We left the cord intact, and listened to the strong heartbeat of our newborn son. He was resting peacefully on my chest, born into this world sleeping, untraumatized. As he was still getting oxygen from the umbilical cord, we weren't worried that he wasn't breathing yet. A minute or two later, he started to stir, so I tilted him a little and he coughed a little and started to breath on his own. He started to pink up, but he was still asleep. Our little angel. I passed the placenta about 20 minutes after his arrival, physiological 3rd stage. We eventually weighed him and he was a healthy 7lbs 2 oz. We didn't cut his cord until the next morning.

We have yet to check his length, but he is very lanky, with long fingers and long feet (longer than his brother's when he was born by 1/4 in at least!) He's going to be a tall boy!

For those who are wondering what happened to the midwife in my story, I will reveal to you the truth... we had no midwife. This was an unassisted pregnancy and birth. I did all my own prenatal testing and prepped my hubby for the birth. We knew the signs of complications and educated ourselves to the max. Our son was born in the same manner he was conceived: with only me and DH present. It was a beautiful and amazing experience that I wouldn't trade for the world.


----------



## MadamRose

Gosh what an amazing story silver, especially it jsut being you and DH there when baby was born no MW


----------



## mrsgtobe

WOW!!! what a beautiful birth story, im i awe of you nd OH!
i wish i could have thought of something like this but my oh isnt even guarenteed to be at birth so no chance.

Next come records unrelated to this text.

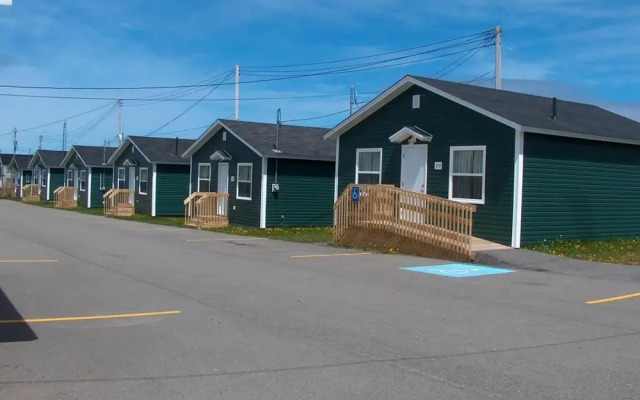 Shallow Bay Motel & Cabins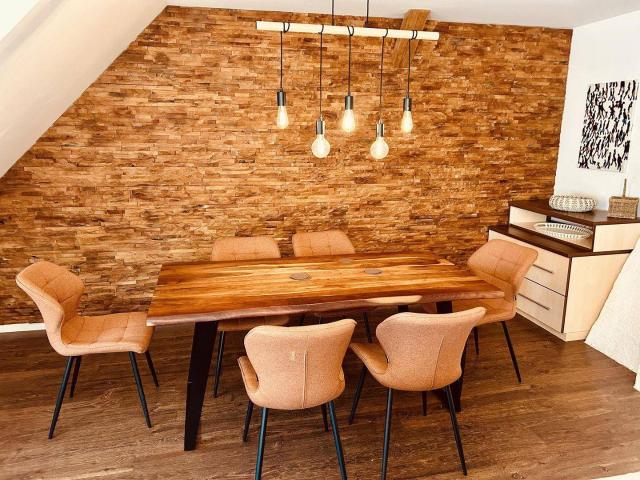 Lebensqualität in Großzügiger Wohnung Nahe Seeufer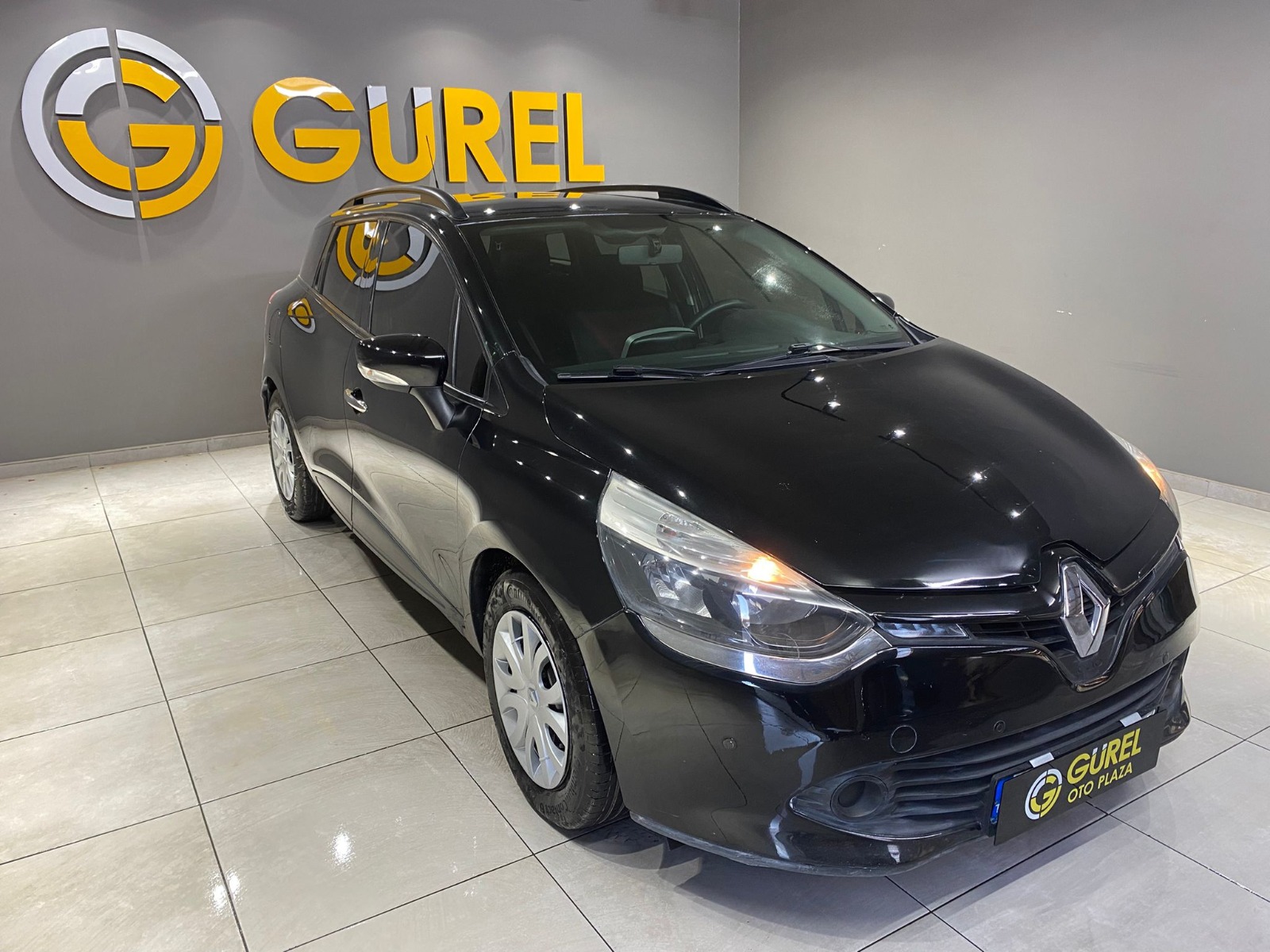 2015 Dizel Manuel Renault Clio Siyah Gürel Tasarım Aksesuar Otomotiv San. Tic. Ltd. Şti.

I hope you are all settling in with the little(long) guy well.
congratulations!!!


----------



## ivy-pickle

Oh my god, how amazing, you and hubby must be very proud of yourselves, very well done and many congratulations!x


----------



## stardust599

Wow, what an amazing story. Glad everything went okay and you have a beautiful son xxx


----------



## trumpetbum

Beautiful birth story Silver Penny.


----------



## CeriB

Absolutly amazing!! 

Congrats on your new arrival and the fantastic story that accompanies him!


----------



## Lucky.M

Congratulations it sounds an amazing experience xx


----------



## kiwimama

What a calm and peaceful birth, congrats on the birth of your second son sp!


----------



## Fiore

What made you decide to abandon the mw route? Was it just you and OH present for your first DS birth? What a lovely story :flower: it makes me think that maybe I'm being a bit of a whimp about all this pregnancy and birth lark lol xx


----------



## silver_penny

With our first son, we started out at a birth center, became tired with how they were pushing so much testing on us, and went the homebirth route, making the switch to an independant mw around 20 weeks gestation. The rest of the pregnancy was perfect, but when it came time to give birth, mw checked me and DS was breech. I was already in transition, but she wanted to transport anyhow (labor was going smoothly) I had to hold back my contractions on the way to the hospital (DH drove us), which was horribly painful. MW missed the turn for the hospital, and she didn't arrive at the hospital until after DS1 was born. The hospital staff was crap and treated us like children. (I was 23 and DH was 21 at the time) Luckily, DS was already at +3 station when we arrived and they couldn't do a c-section. However, they refused to let DH in the room while I was giving birth, even though I specifically asked them to, and he was already suited up ready to go. After the birth, they forced pitocin on me for 3rd stage. I say forced, because I told them that I neither wanted nor needed it, told them no, and they answered "well, we have to" and gave it to me anyways. There was a lot more that went on at the hospital, but it suffices to say that I will never consider going to a hospital for a birth again unless it is a true emergency.


----------



## mummymanda

Simply stunning, how wonderful x


----------



## MrsO13

What an amazing birth story :) Thanks for sharing it.

xx


----------



## StonesWife

Congrats on your new addition! Reading your story really makes me excited for birth and really sets my mind to the natural birth I want. I wish I could have a home birth but my insurance company won't allow it so...


----------



## xJG30

Congrats :wohoo:


----------



## wtt :)

wow what a wonderful experience that must have been for all of you! Congratulations! :flower:


----------



## MommyKC

Wow your story is truly amazing. Congratulations and you should be very proud for having the courage to go through something like that with just you and DH. Good for you!! Enjoy your new little man. :cloud9:


----------



## CaseyCakes

Wow, I feel like a wimp now. That is an amazing story, especially with no midwife or doctor, or any medical help during pregnancy. 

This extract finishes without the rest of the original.